Fomalhaut b, formally named Dagon (/ˈdɡən/), is an expanding dust cloud and former candidate planet observed near the A-type main-sequence star Fomalhaut, approximately 25 light-years away in the constellation of Piscis Austrinus. The object's discovery was initially announced in 2008 and confirmed in 2012 via images taken with the Advanced Camera for Surveys (ACS) on the Hubble Space Telescope. Under the working hypothesis that the object was a planet, it was reported in January 2013 that it had a highly elliptical orbit with a period of 1,700 Earth years. The object was one of those selected by the International Astronomical Union as part of NameExoWorlds, their public process for giving proper names to exoplanets. The process involved public nomination and voting for the new name. In December 2015, the IAU announced the winning name was Dagon.

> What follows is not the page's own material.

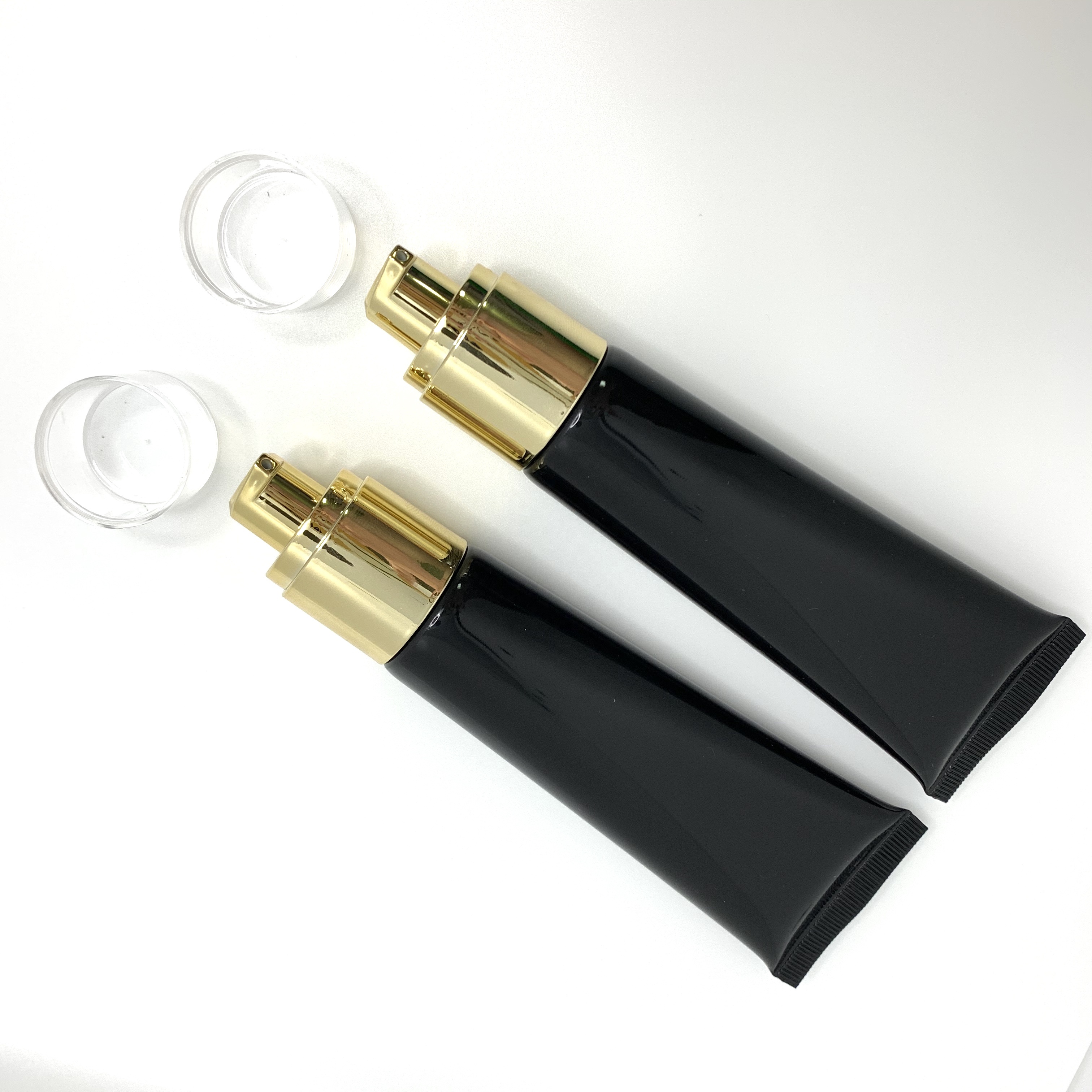 Plastic pump bottles/ hand wash black pump skincare pp bottle 40ml lotion bottle/ airless pump bottle 40ml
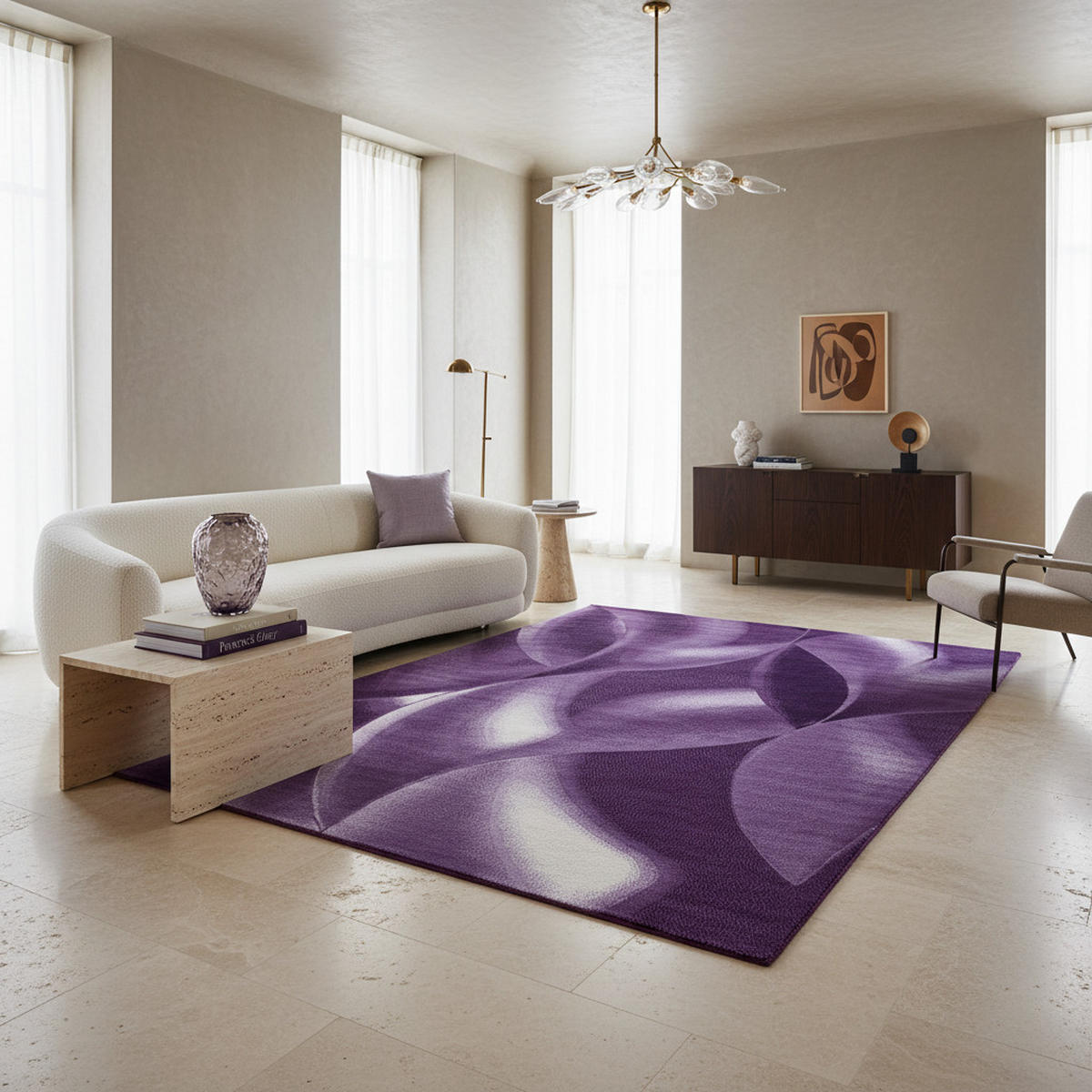 TEPPICH Kurzflor Abstrakte Wellen Polypropylen Wohnzimmer Violett Läufer 80x150 - Lila, Textil (80/150cm) - KADIMA DESIGN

The planetary hypothesis has since fallen out of favor; more gathered data suggested a dust or debris cloud is far more likely, and the object was placed on an escape trajectory. In 2023, a team of researchers used the James Webb Space Telescope's MIRI to probe the complex dust environment around the Fomalhaut. They discovered a new intermediate dust belt that might be shepherded by an unseen planet and suggested that the blob, Fomalhaut b, could have originated in this belt. The recent research of the Fomalhaut system used the JWST's NIRCam equipped with coronagraphs to probe the complex dust ring in different wavelengths of infrared light. The absence of detection in certain wavelengths support the idea that Fomalhaut b is not a massive planet but rather a dust cloud resulting from a collision among planetesimals.